The Company encourages two-way communication with both its institutional and private investors and responds quickly to all significant queries received.

The “Investors” tab of this website section of this website contains all required regulatory information together with other information which shareholders may find useful.

The AGM is an important forum for shareholder engagement, and the directors are always available immediately after the AGM to listen to the views of any shareholders in attendance and to provide them with an update on the business.

All votes at the most recent AGM held on 28 August 2018 were passed. The proxy votes were in excess of 85% in favour of all resolutions.

Currently there is no Remuneration or Audit Committee report provided in the Annual report but the Board will consider the provision of this in the next Annual report together with other information which shareholders may find useful.

 

Internal Controls

The Directors acknowledge their responsibility for the Group’s systems of internal controls and for reviewing their effectiveness. These internal controls are designed to safeguard the assets of the Company and to ensure the reliability of financial information for both internal use and external publication.
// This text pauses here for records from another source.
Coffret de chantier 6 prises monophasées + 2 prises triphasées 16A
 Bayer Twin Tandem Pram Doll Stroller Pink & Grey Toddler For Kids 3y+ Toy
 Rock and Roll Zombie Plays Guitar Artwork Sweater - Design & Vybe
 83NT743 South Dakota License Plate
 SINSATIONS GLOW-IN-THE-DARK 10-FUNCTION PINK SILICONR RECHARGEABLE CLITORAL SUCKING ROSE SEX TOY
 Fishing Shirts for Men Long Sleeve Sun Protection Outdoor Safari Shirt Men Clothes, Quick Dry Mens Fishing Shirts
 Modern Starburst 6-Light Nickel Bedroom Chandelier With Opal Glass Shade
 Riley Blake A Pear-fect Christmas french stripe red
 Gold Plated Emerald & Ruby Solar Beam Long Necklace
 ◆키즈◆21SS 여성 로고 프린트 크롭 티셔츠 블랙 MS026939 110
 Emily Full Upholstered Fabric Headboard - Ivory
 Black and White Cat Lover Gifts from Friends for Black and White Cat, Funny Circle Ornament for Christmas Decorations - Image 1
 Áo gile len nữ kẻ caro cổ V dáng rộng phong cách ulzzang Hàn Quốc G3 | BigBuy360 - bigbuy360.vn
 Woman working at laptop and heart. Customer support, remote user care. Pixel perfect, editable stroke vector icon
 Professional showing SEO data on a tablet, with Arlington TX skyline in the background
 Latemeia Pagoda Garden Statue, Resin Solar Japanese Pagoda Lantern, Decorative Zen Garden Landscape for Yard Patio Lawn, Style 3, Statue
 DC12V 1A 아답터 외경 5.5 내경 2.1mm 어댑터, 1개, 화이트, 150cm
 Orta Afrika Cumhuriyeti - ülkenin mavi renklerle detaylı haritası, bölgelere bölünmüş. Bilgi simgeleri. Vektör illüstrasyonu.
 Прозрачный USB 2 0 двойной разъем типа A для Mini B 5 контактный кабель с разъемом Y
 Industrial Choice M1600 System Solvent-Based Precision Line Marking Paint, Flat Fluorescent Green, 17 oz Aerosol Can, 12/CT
While they are aware that no system can provide absolute assurance against material misstatement or loss, in light of increased activity and further development of the Company, continuing reviews of internal controls will be undertaken to ensure that they are adequate and effective.

Risk Management

The Board considers risk assessment to be important in achieving its strategic objectives. There is a process of evaluation of performance targets through regular reviews by Senior Management to forecasts. Project milestones and timelines are reviewed regularly.

Business Risk

The Board regularly evaluates and reviews any business risks when reviewing project timelines. The types of risks reviewed include:

  • regulatory and compliance obligations
  • occupational health, safety and environmental requirements
  • legal risks relating to contracts, licences and agreements
  • insurance risks
  • political risks where appropriate.

Insurance

The Group maintains insurance in respect of its Directors and Officers against liabilities in relation to the Company.

Treasury Policy

The Group finances its operations through equity and holds its cash as a liquid resource to fund the obligations of the Group. Decisions regarding the management of these assets are approved by the Board.

Securities Trading

The Board has adopted a Share Dealing Code that applies to Directors, Senior Management and any employee who is in possession of ‘inside information’. All such persons are prohibited from trading in the Company’s securities if they are in possession of ‘inside information’. Subject to this condition and trading prohibitions applying to certain periods, trading can occur provided the individual has received the appropriate prescribed clearance.